= Specific ultraviolet absorbance =

Specific ultraviolet absorbance (SUVA) is the absorbance of ultraviolet light in a water sample at a specified wavelength that is normalized for dissolved organic carbon (DOC) concentration. Specific UV absorbance (SUVA) wavelengths have analytical uses to measure the aromatic character of dissolved organic matter by detecting density of electron conjugation which is associated with aromatic bonds.

==Derivation==
To derive SUVA, first, UVC light (UV spectrum subtypes) at 254 nm or 280 nm, is measured in units of absorbance per meter of path length, often the sample must be diluted with ultrapure water because absorbance can be high. As increasing dissolved organic carbon concentration increases absorbance in the UV range, the UV light has to be normalized to the concentration of dissolved organic carbon in mg per L to ascertain differences in the aromatic quality of the water.
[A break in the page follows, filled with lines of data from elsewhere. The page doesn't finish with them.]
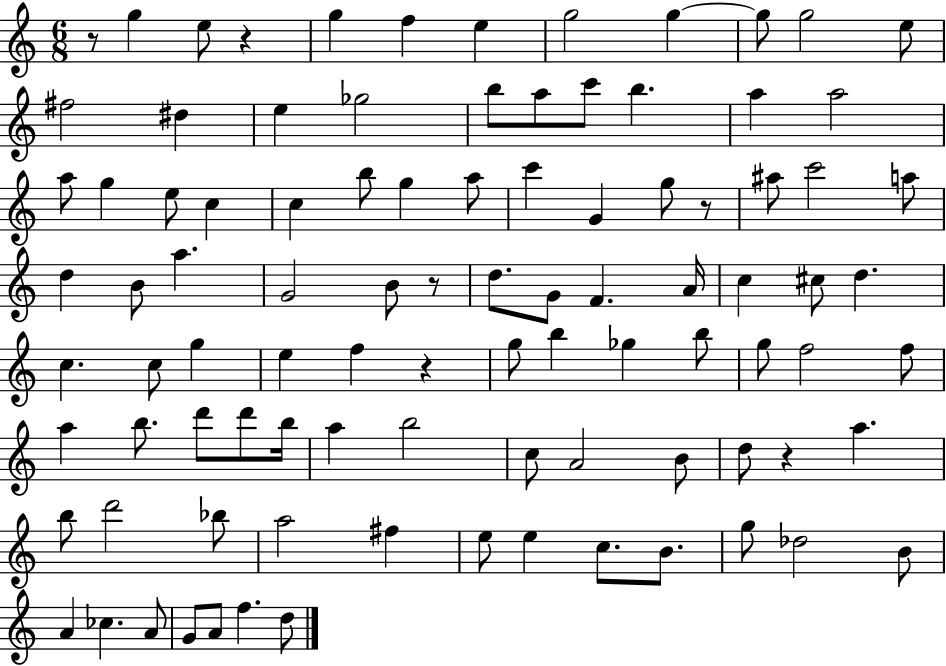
{
  \clef treble
  \numericTimeSignature
  \time 6/8
  \key c \major
  \repeat volta 2 { r8 g''4 e''8 r4 | g''4 f''4 e''4 | g''2 g''4~~ | g''8 g''2 e''8 | \break fis''2 dis''4 | e''4 ges''2 | b''8 a''8 c'''8 b''4. | a''4 a''2 | \break a''8 g''4 e''8 c''4 | c''4 b''8 g''4 a''8 | c'''4 g'4 g''8 r8 | ais''8 c'''2 a''8 | \break d''4 b'8 a''4. | g'2 b'8 r8 | d''8. g'8 f'4. a'16 | c''4 cis''8 d''4. | \break c''4. c''8 g''4 | e''4 f''4 r4 | g''8 b''4 ges''4 b''8 | g''8 f''2 f''8 | \break a''4 b''8. d'''8 d'''8 b''16 | a''4 b''2 | c''8 a'2 b'8 | d''8 r4 a''4. | \break b''8 d'''2 bes''8 | a''2 fis''4 | e''8 e''4 c''8. b'8. | g''8 des''2 b'8 | \break a'4 ces''4. a'8 | g'8 a'8 f''4. d''8 | } \bar "|."
}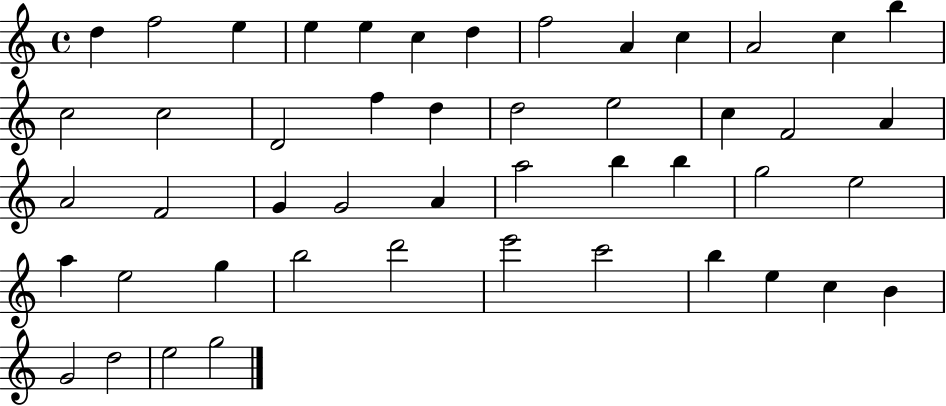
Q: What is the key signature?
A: C major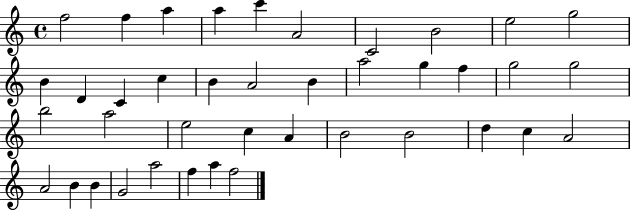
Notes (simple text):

F5/h F5/q A5/q A5/q C6/q A4/h C4/h B4/h E5/h G5/h B4/q D4/q C4/q C5/q B4/q A4/h B4/q A5/h G5/q F5/q G5/h G5/h B5/h A5/h E5/h C5/q A4/q B4/h B4/h D5/q C5/q A4/h A4/h B4/q B4/q G4/h A5/h F5/q A5/q F5/h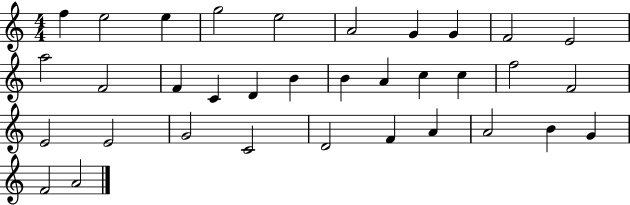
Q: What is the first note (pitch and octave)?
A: F5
Aromatic character is used in the study of dissolved organic matter, from mineral soils, or organic soils, to use as an assay to whether or not dissolved organic carbon in the water is labile, a ready source of energy, or is from a relatively old source of carbon (recalcitrant). However, although a good indicator of aromaticity, caution must be used with determination of reactivity.

Measures of water purity often rely on measuring turbidity, not aromaticity.